Warren Buffett, one of the world’s most successful investors, regularly reminds people that: “the best investment you can make is in yourself”. Individuals should invest the time to learn the basics of investing and how sustainability can be incorporated. Collectively, this would go a long way in helping to reshape the financial system.
The second part of the equation is than even where people take the time to understand their investments and why sustainability matters, will they care enough to make sustainability a priority within their own investment strategy and hence align to investments that are genuinely pursuing a responsible investment approach? I remain optimistic that with the right education people will take sustainability seriously within their investments. They will also be better equipped to decipher between marketing and reality.
On April 21st, The European Commission announced the adoption of “an ambitious and comprehensive package of measures to help improve the flow of money towards sustainable activities across the European Union”. The package includes six amending Delegated Acts on fiduciary duties, investment and insurance advice, which they claim “will ensure that financial firms, e.g. advisers, asset managers or insurers, include sustainability in their procedures and their investment advice to clients”.
Notably, under investment and insurance advice they state: “when an adviser assesses a client’s suitability for an investment, they now need to discuss the client’s sustainability preferences.” This has been a feature of recent sustainability regulation and advisors need to adapt quickly.
Many people care about sustainability and appreciate the importance of a secure future, but they often don’t see the connection with how they spend or invest their money. We are not yet at a point where clients have a reasonable understanding of their sustainability preferences. Most are at the early stages of making the connection between sustainability and investing. This is why financial advisors have such an important role to play.
The role of a financial advisor is to align preferences with solutions as part of helping clients to achieve their financial goals. Until recently, the focus has been on ascertaining a client’s risk and return preferences as part of aligning them with the most appropriate investments, classified according to a risk/return framework. The inclusion of sustainability preferences is an additional dimension that financial advisors now need to incorporate into the advisory process.
Based on my interaction with financial advisors on my Responsible Investment Advisor (RIA) course (through the Responsible Investment Institute), advisors are also at the early stages of this evolution.

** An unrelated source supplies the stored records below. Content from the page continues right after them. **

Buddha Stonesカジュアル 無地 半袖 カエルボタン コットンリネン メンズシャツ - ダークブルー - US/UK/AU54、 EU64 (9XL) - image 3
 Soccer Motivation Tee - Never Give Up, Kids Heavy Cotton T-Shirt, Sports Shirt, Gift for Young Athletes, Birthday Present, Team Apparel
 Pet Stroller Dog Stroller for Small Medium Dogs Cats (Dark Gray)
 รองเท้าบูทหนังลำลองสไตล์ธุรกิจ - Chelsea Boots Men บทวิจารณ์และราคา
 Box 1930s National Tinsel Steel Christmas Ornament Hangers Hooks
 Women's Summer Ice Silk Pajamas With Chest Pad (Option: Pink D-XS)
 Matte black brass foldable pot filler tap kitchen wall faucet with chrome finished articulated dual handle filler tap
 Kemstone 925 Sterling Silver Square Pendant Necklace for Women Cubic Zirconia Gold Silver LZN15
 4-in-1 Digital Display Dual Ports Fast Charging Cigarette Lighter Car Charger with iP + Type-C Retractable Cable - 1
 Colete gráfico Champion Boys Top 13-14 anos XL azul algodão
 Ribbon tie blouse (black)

There is a lot for advisors to get their head around, in terms of responsible investment in general and how can it be practically applied. Most importantly, advisors need to augment their key policies and frameworks, including the firm’s investment policy, the client questionnaire, the fund selection process, the fund categorisation framework, and engagement policies.
The ability to ask the right questions is key to correctly defining the sustainability preferences of a client. Advisors need the requisite knowledge to be able to ask the right questions, both of the client and also of the underlying investment managers with whom they choose to align. In creating the RIA course, the objective was to deliver the knowledge and practical frameworks needed by advisors, but the value derived by advisors will depend on the meaningful application.
Including sustainability preferences in the advisory process makes sense. Over time, we will wonder why it wasn’t always part of the discussion.